• _Activity_:
All lines in the records below from the line with "Factory Wholesale Summer" through the line with "Livro - Bluey" are to be given again exactly, both ends included; the pictures are to be left out.

Materials provided section start

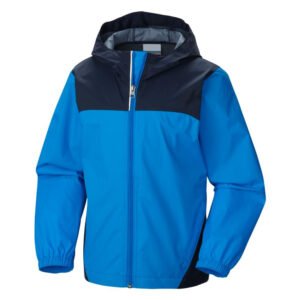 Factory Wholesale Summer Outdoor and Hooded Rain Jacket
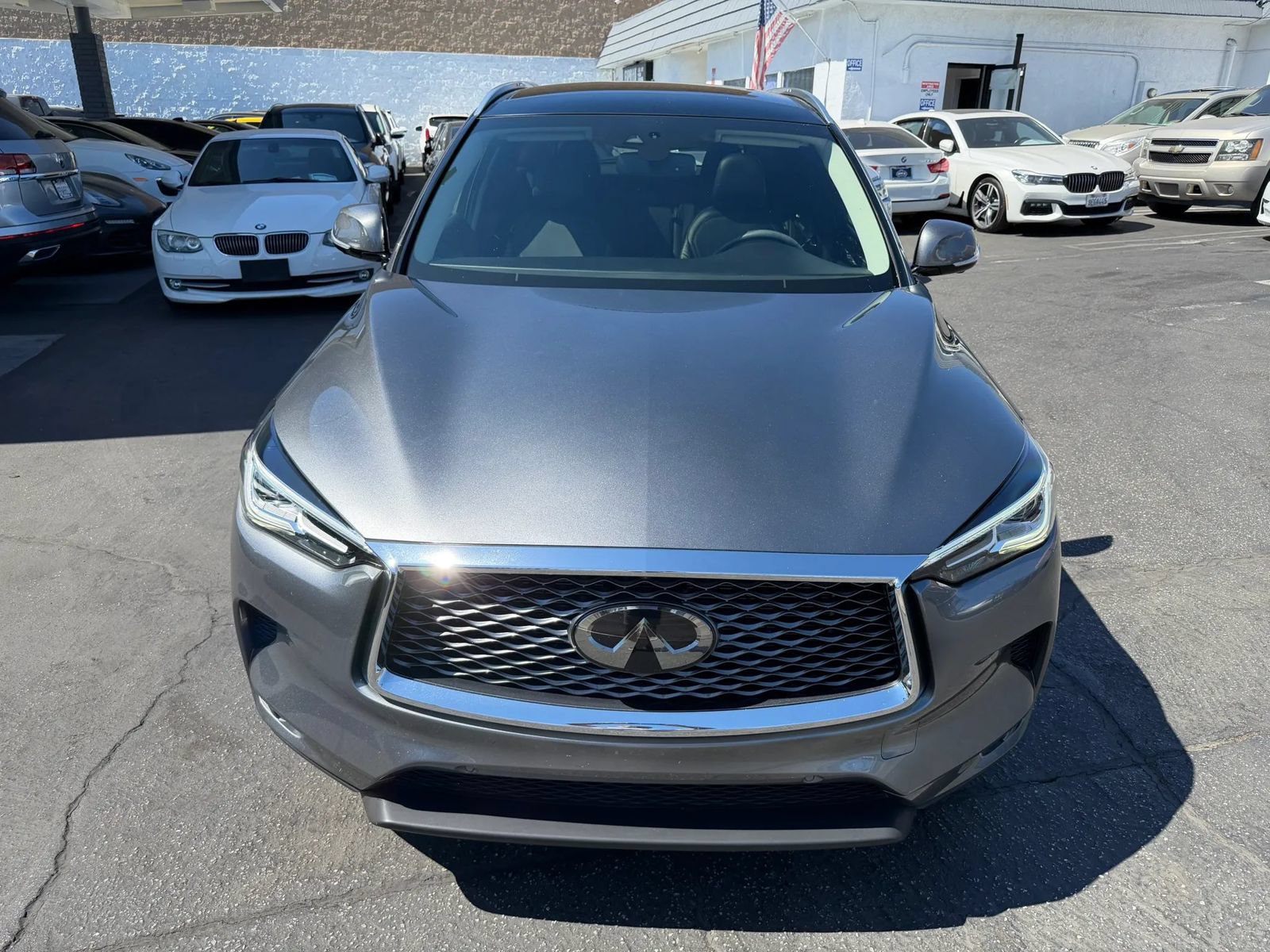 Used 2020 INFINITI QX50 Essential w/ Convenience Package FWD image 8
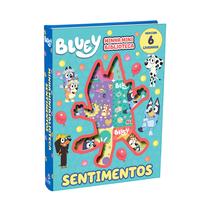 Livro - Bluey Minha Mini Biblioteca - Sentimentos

Materials provided section end
Materials provided section start

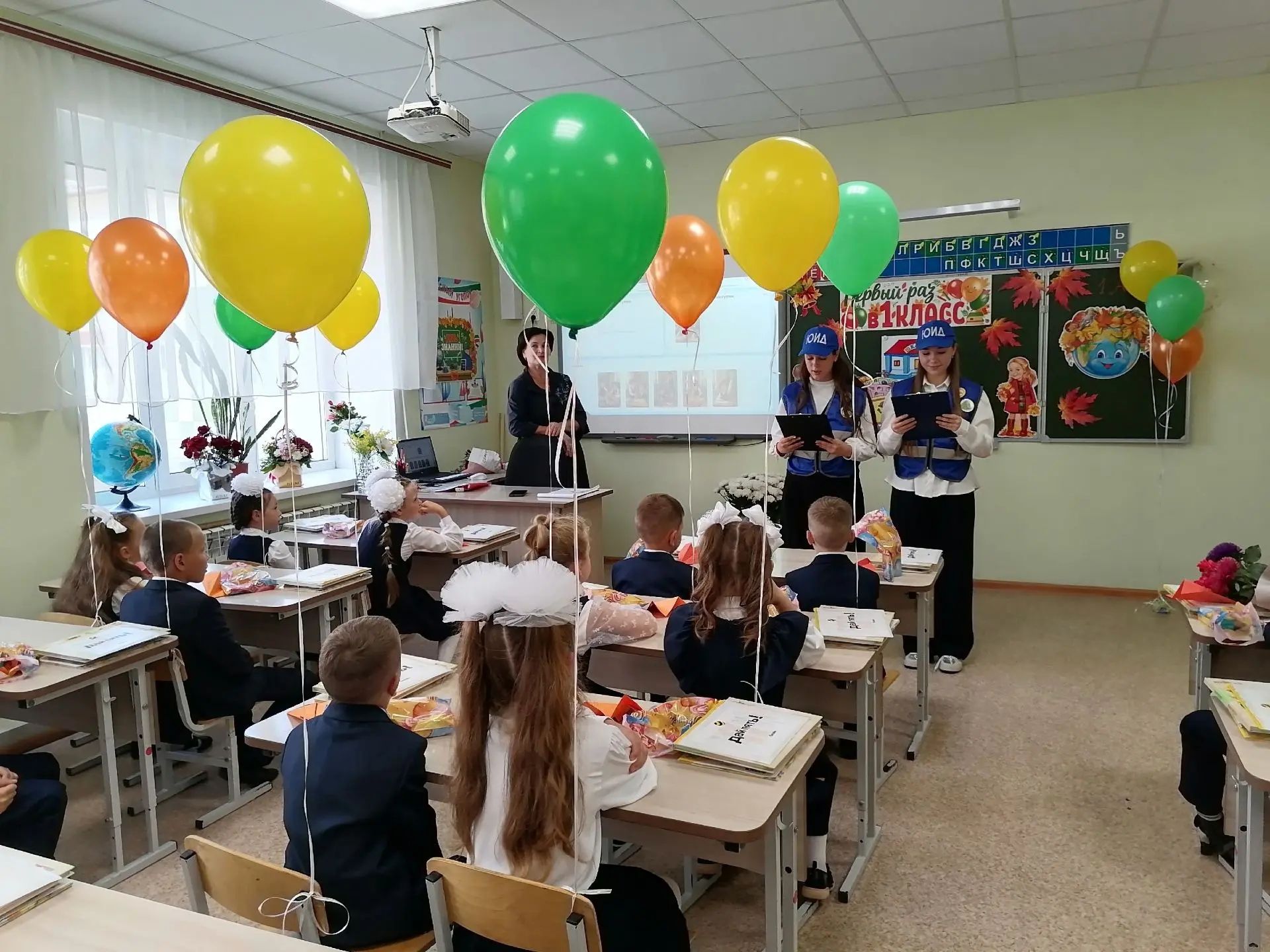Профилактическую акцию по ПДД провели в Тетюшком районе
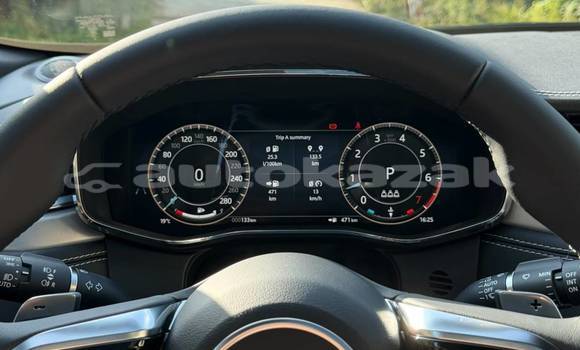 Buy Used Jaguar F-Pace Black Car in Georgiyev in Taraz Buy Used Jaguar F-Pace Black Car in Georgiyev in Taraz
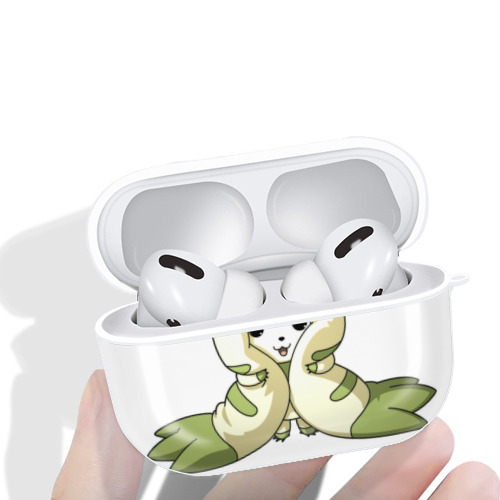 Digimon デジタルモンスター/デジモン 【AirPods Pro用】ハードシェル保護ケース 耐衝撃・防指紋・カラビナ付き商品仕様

Materials provided section end
Materials provided section start

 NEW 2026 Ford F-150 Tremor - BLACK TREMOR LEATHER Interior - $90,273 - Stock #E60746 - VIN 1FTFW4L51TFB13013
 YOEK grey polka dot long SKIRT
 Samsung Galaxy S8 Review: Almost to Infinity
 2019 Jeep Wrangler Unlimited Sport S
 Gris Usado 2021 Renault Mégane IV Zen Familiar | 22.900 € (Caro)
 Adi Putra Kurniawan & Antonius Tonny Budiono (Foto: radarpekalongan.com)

Materials provided section end

• _Task solution_:
 Factory Wholesale Summer Outdoor and Hooded Rain Jacket
 Used 2020 INFINITI QX50 Essential w/ Convenience Package FWD image 8
 Livro - Bluey Minha Mini Biblioteca - Sentimentos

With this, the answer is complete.